Further, while it’s true that the Obama Budget calls for the growth of Government and regulation, Senator Gregg’s easy association of more Government and more regulation with increasing deficits and growing debt to GDP ratios is a Republican dogma belied by history. Thus, the Reagan-Bush 41 presidencies led to less Government and less regulation, but also to much higher deficits and to an increasing public debt (rising from 26.1 to 48.1) as a percent of GDP. The Clinton Administration, while lightening regulation in certain areas, was more activist than both Bush Administrations, yet it enjoyed a period of decreasing public debt (falling from 48.1 to 35.1) as a percent of GDP. Lastly, the Bush 43 Administration which certainly decreased regulation and Government intervention in the economy until its final days, also increased the public debt to GDP ratio from 35.1 to 37.9 (estimated). Why did the ratio of Federal Debt held by the Public to GDP increase under the Reagan and Bush Administrations, and decrease in all others since the end of WW II? The answer is that the growth in deficits during these administrations outran the growth in GDP. Why did that happen? Primarily because the tax cuts for wealthy Americans used as the primary tool for economic stimulus in the Reagan and Bush Administrations provided very little multiplier effect beyond the tax expenditures themselves. That is, tax cuts are a much less effective stimulus than other Government expenditures, so when they’re used to stimulate the economy, growth in GDP, won’t outrun growth in deficits and the National Debt. In short, in recent history, the rise in the National Debt to GDP ratio has been due to the inadequate stimulus provided by Republican tax cuts for the wealthy. Older post-WW II Republican Administrations (Eisenhower, Nixon, Nixon/Ford) didn’t cut taxes, but often ran deficits because of the cost of social programs and military expenditures, and their record of reducing the debt ratio was comparable to the record of their Democratic counterparts.

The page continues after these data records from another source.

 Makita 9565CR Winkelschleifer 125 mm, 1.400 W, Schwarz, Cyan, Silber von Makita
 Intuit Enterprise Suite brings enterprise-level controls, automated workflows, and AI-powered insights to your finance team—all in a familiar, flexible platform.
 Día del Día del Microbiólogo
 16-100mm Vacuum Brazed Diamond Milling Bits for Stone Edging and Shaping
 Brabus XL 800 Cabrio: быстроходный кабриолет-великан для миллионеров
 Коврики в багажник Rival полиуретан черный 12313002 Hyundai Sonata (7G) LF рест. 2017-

In short, Sen. Gregg’s association of Government activism and regulation with deficits and debt is contrary to fact, and to a period of history which he personally experienced and whose lessons he should have learned. What about his charge of increased Government in our lives? Well, it’s certainly true that many in the financial and business sectors of our economy will have to be concerned about regulators looking over their shoulders, perhaps the rest of us will have to worry less about sudden increases in credit card interest rates we have no control over, or real estate bubbles, or unreasonable increases in medical costs, or consumer product defects, or extreme economic cycles, or lack of educational opportunity for our children, or the incapacity of government to help people respond to natural disasters. The point, of course, is that Government constraints on the economic decision making of some, can increase the freedom of others to live their lives as they see fit. Freedom from Want and Fear have been decreasing in America for a generation, and the decrease is associated with the decline of Governmental activism and regulation. Our problem now is not too much Government in the economic sphere, it is too much unaccountable private economic power that can only be countered by restoring the role of the Government to its proper role in a mixed economy.